Now that most seniors have sifted through their acceptances and decided where they’ll be attending college next fall, underclassmen have an important opportunity to learn from this time.
Sure, you’ve heard and witnessed drama that preceded this time. The relentless focus on college. The throes of application season during the fall. The anguish and the joy that came with admissions decisions. It’s enough to make most underclassmen and their parents steel themselves from this anxious rite of passage they’ll inevitably have to survive like those who came before.
But does all that anxiety, tension and drama seem necessary in retrospect compared to how those seniors are feeling today?
My guess is that you’ve seen it all dissipate as it is replaced by pride and relief. Seniors are smiling again. They’re imagining themselves on their college campuses this fall. They’re virtually meeting their future classmates in the social media groups.
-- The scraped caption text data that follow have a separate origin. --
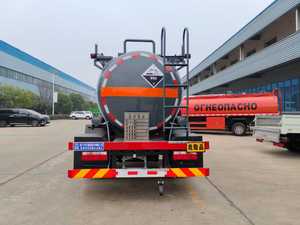 Nuevo Camión <span class=keywords><strong>Cisterna</strong></span> <span class=keywords><strong>de</strong></span> Combustible Diésel FAW 4X2 <span class=keywords><strong>de</strong></span> 6 Ruedas, Camión <span class=keywords><strong>Cisterna</strong></span> <span class=keywords><strong>de</strong></span> Gran Capacidad para Combustible, <span class=keywords><strong>Agua</strong></span> y Petróleo - Product Image 5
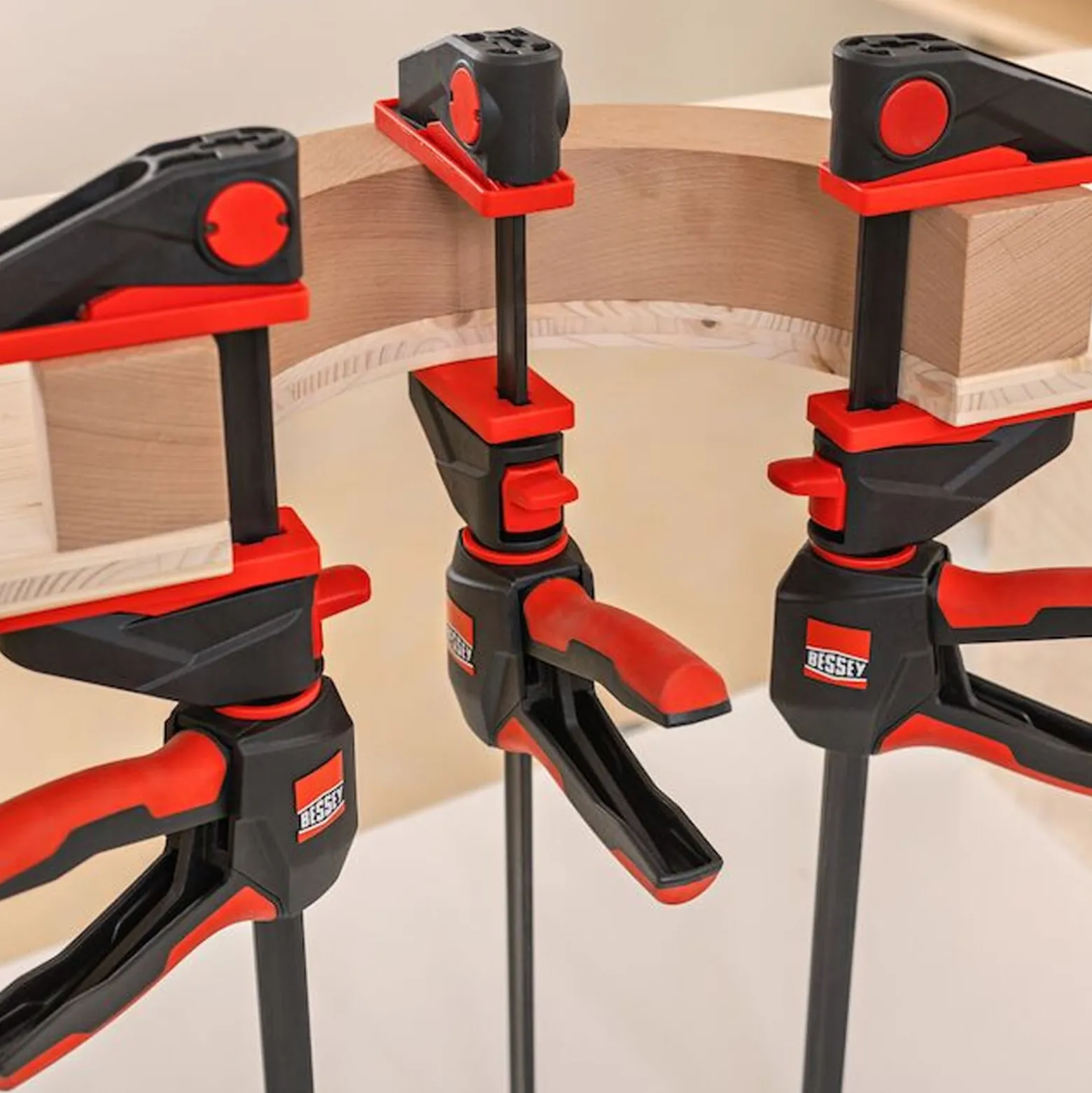 Bessey Einhandzwinge mit drehbarem Griff M - EZ360M-30
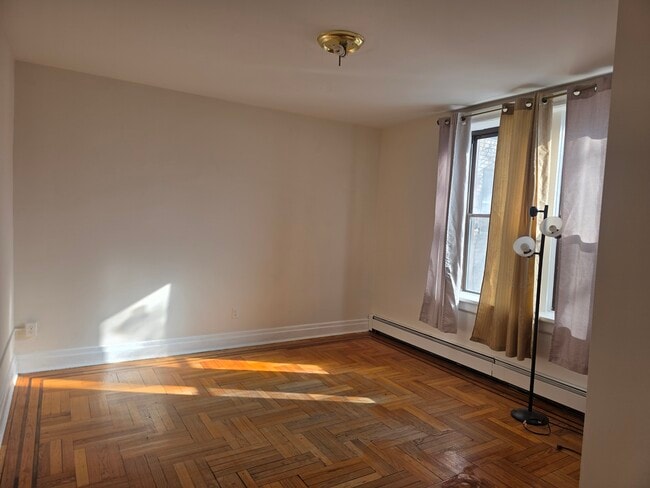 Living/dining room - 144 Old Bergen Rd Unit B5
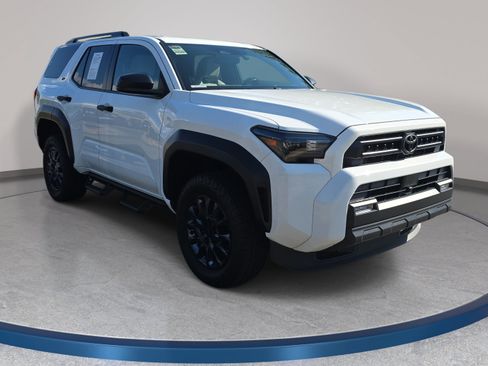 Used 2025 Toyota 4Runner SR5 RWD image 3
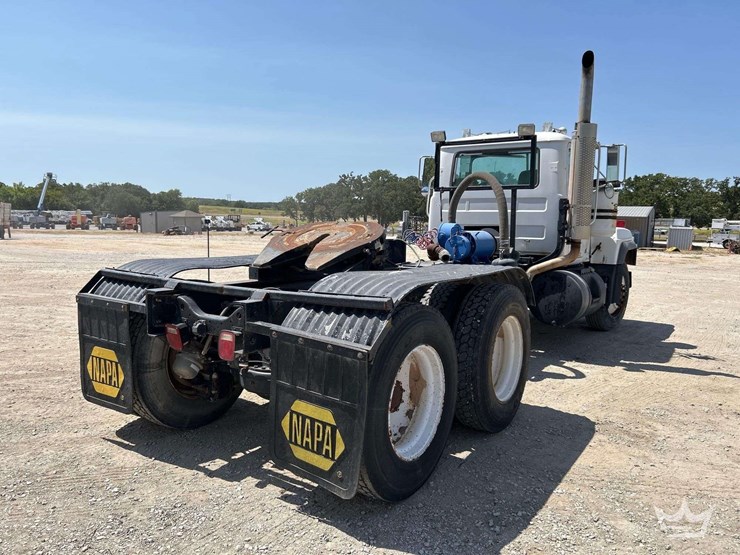2001-mack-rd690s-image-4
They’re donning sweatshirts bearing the names of their future colleges, looking forward to what comes next after high school, and most importantly, enjoying the relief and anticipation that comes with life as an official college-freshman-to-be.
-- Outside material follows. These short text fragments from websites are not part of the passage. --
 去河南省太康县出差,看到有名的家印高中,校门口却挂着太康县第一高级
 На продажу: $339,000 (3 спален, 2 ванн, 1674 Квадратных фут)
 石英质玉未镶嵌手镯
The nearly universal positivity you see now isn’t because everyone got into their dream colleges (which they did not). It’s happening because going to college is exciting. That feeling may once have been linked to a particular dream college the student wanted to attend. But it’s been replaced by the reality of knowing which college—original dream school or not—the student will attend. The forthcoming learning and fun and opportunity is no longer just a hypothetical exercise. It’s actually going to happen.
Freshman, sophomore, and junior families, you may fall prey to admissions anxiety as you progress through your own college search and application process. When everyone else is behaving as if one grade, test score, or decision to attend a particular school is a defining event, it’s difficult not to inhale the secondhand smoke of their artificially high stakes.
If you feel that happening, remember this group of seniors today. They aren’t an aberration; they’re the norm. This is how the college application story ends for most students.
So when you see, hear, or experience admissions anxiety in the future, remind those you care about how this story ends. You’ll be a wiser, happier, more successful college applicant if you learn from this time.